HOW TO COMPLETE THIS TASK:
Range to reproduce from the entries below: the line with "50 en Fabulous", the line with "Biblia RVR60 Tamaño", and every line in between. Give them exactly and give nothing else.

DATA TO EXAMINE:
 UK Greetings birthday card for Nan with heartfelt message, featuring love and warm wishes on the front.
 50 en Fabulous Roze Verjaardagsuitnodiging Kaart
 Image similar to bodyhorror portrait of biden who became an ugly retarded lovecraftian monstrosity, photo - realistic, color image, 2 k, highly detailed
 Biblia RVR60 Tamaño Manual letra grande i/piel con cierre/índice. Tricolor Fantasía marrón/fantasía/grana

* * *

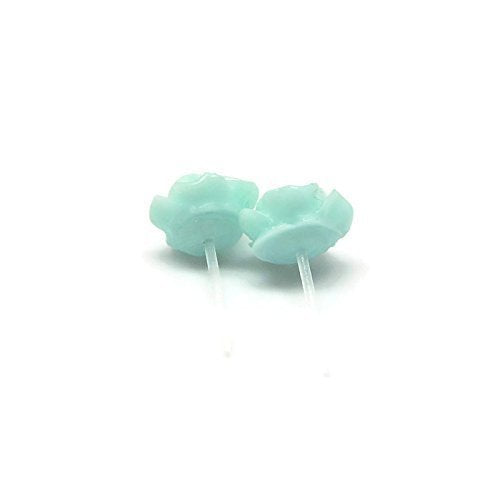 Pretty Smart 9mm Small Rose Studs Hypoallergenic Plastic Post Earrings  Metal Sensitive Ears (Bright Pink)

--

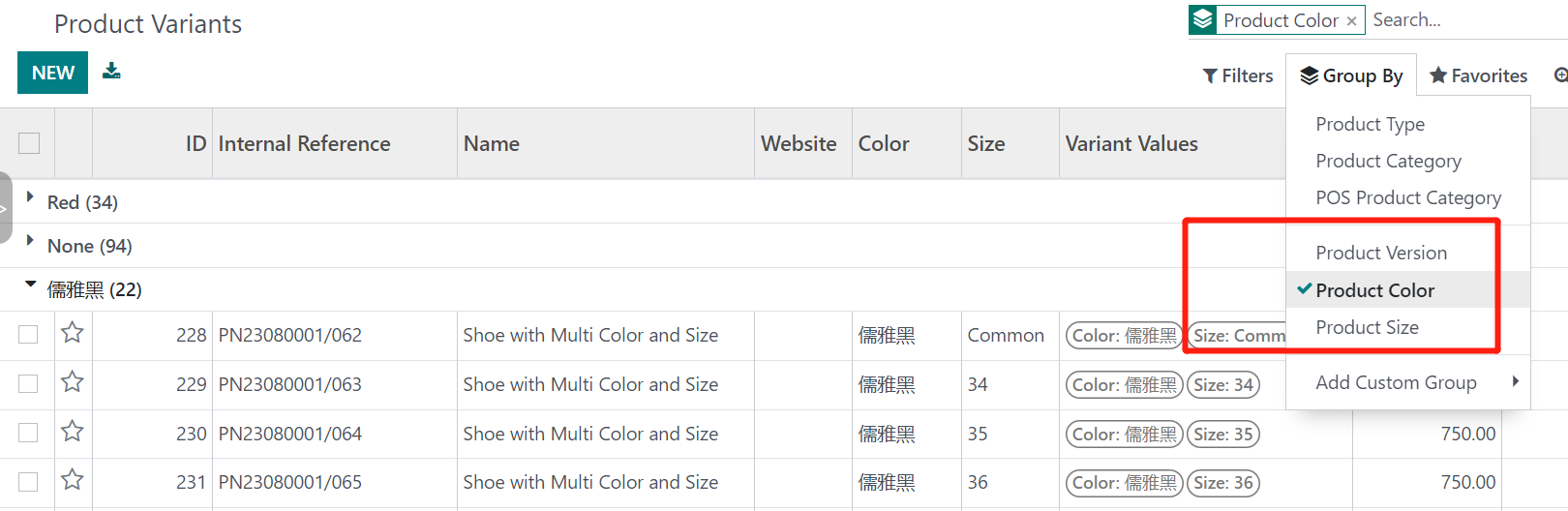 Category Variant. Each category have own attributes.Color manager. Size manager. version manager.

TASK SOLUTION:
 50 en Fabulous Roze Verjaardagsuitnodiging Kaart
 Image similar to bodyhorror portrait of biden who became an ugly retarded lovecraftian monstrosity, photo - realistic, color image, 2 k, highly detailed
 Biblia RVR60 Tamaño Manual letra grande i/piel con cierre/índice. Tricolor Fantasía marrón/fantasía/grana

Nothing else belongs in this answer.